Un opérateur de réseau international, qui mesure le trafic sur plusieurs noeuds de connexion dans le monde, a indiqué à l'AFP avoir constaté que « le trafic de Facebook a été divisé par trois partout dans le monde ».

 

 Un problème technique a rendu inaccessible l’accès au réseau social, jeudi durant plus de 30 minutes, sans explication de leur part.

La productivité des entreprises connaîtra-t-elle un pic, jeudi 19 juin ? Le réseau social Facebook était en proie à un problème technique d’envergure, aux alentours de 10 heures, rendant tout accès au site impossible durant plus de 30 minutes. Le portail de Mark Zuckerberg n’a pas encore communiqué pour expliquer ce bug mais il semblerait que la panne venait d'un problème de serveurs de la firme californienne.
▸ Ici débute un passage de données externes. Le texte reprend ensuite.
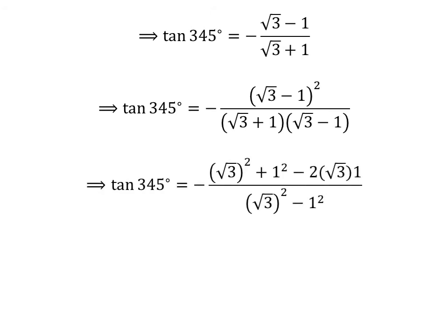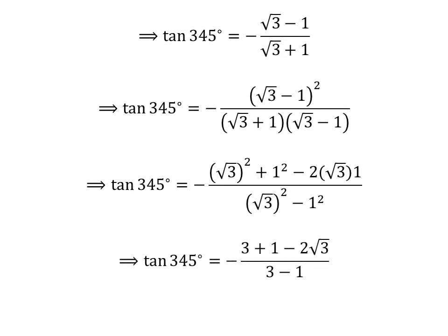Let us expand the square of square root of 3 minus 1. In the numerator we have square of square root of 3 plus square of 1 minus 2 times square root of 3 times 1. In the denominator, square root of 3 plus 1 times square root of 3 minus 1 is square of square root of 3 minus square of 1. So tangent of 345 degrees is equal to minus 3 plus 1 minus 2 times square root of 3, upon 3 minus 1.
La panne n’a pas pu passer inaperçue. Ce jeudi entre 10h et 10h30, il était impossible de se connecter à Facebook. On pouvait lire sur la page du site "Sorry, something went wrong". Quelque chose n’allait pas mais quoi ? Pas d’explication technique pour l’instant sur cette panne qui semble avoir été mondiale. A Tokyo, au Québec, en Tunisie, au Maroc, en Espagne, aucun utilisateur ne pouvait facebooker…

Voici le communiqué publié par Facebook : "Ce matin, nous avons rencontré un problème qui a empêché certaines personnes de publier sur Facebook pendant une brève période de temps. Nous avons résolu le problème rapidement, et nous sommes maintenant de retour à la normale à 100%. Nous sommes désolés pour tout inconvénient que nous avons pu causer à nos utilisateurs pendant ce court laps de temps".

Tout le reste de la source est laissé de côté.